TASK STATEMENT:
Show all lines from the listing below that contain "Full".

AVAILABLE DATA:
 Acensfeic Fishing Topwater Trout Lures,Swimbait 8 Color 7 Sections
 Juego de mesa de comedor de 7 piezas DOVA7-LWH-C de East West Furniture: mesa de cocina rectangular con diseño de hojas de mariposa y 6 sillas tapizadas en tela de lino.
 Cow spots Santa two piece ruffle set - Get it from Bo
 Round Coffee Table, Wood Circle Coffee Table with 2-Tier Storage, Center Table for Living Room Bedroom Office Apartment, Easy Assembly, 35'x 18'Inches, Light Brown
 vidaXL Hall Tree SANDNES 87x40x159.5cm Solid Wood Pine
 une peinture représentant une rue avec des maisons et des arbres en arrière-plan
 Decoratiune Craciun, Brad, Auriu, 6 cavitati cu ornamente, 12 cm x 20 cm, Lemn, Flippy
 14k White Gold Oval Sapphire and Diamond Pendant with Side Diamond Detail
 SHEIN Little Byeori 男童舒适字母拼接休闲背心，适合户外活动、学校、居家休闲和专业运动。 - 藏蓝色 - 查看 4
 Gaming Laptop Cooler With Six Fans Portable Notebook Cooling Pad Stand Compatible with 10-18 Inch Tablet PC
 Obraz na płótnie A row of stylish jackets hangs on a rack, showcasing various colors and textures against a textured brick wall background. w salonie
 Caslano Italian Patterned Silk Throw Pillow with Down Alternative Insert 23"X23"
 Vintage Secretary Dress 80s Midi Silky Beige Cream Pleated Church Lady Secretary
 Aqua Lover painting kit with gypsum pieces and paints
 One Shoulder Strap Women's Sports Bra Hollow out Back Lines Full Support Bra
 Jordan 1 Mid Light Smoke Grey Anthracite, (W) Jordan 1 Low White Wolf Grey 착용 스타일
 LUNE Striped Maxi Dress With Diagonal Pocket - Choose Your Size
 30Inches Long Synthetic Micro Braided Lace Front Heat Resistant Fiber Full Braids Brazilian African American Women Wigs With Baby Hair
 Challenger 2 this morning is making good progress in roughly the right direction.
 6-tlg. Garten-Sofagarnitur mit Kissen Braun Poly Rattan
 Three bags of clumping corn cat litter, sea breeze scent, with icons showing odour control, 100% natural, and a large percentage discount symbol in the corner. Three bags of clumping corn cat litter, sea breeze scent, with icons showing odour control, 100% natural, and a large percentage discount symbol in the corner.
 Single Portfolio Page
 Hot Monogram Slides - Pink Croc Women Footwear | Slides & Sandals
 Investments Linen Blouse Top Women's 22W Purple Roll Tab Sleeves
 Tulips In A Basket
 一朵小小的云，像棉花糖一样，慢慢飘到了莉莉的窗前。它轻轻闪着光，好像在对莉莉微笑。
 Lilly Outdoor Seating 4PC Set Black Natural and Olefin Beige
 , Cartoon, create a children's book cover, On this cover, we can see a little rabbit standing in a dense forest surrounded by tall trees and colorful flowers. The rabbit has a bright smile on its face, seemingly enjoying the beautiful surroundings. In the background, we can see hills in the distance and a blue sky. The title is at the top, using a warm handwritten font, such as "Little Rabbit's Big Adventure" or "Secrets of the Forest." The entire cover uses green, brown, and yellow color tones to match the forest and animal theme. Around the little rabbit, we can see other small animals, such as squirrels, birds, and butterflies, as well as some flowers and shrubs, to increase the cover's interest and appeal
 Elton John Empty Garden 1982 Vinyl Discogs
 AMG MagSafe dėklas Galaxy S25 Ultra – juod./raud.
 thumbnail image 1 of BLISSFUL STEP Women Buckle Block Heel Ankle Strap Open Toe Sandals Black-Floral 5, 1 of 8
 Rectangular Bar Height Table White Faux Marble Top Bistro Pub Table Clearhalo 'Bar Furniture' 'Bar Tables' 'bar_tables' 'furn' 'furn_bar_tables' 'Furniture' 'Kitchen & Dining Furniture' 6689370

FINAL ANSWER:
 One Shoulder Strap Women's Sports Bra Hollow out Back Lines Full Support Bra
 30Inches Long Synthetic Micro Braided Lace Front Heat Resistant Fiber Full Braids Brazilian African American Women Wigs With Baby Hair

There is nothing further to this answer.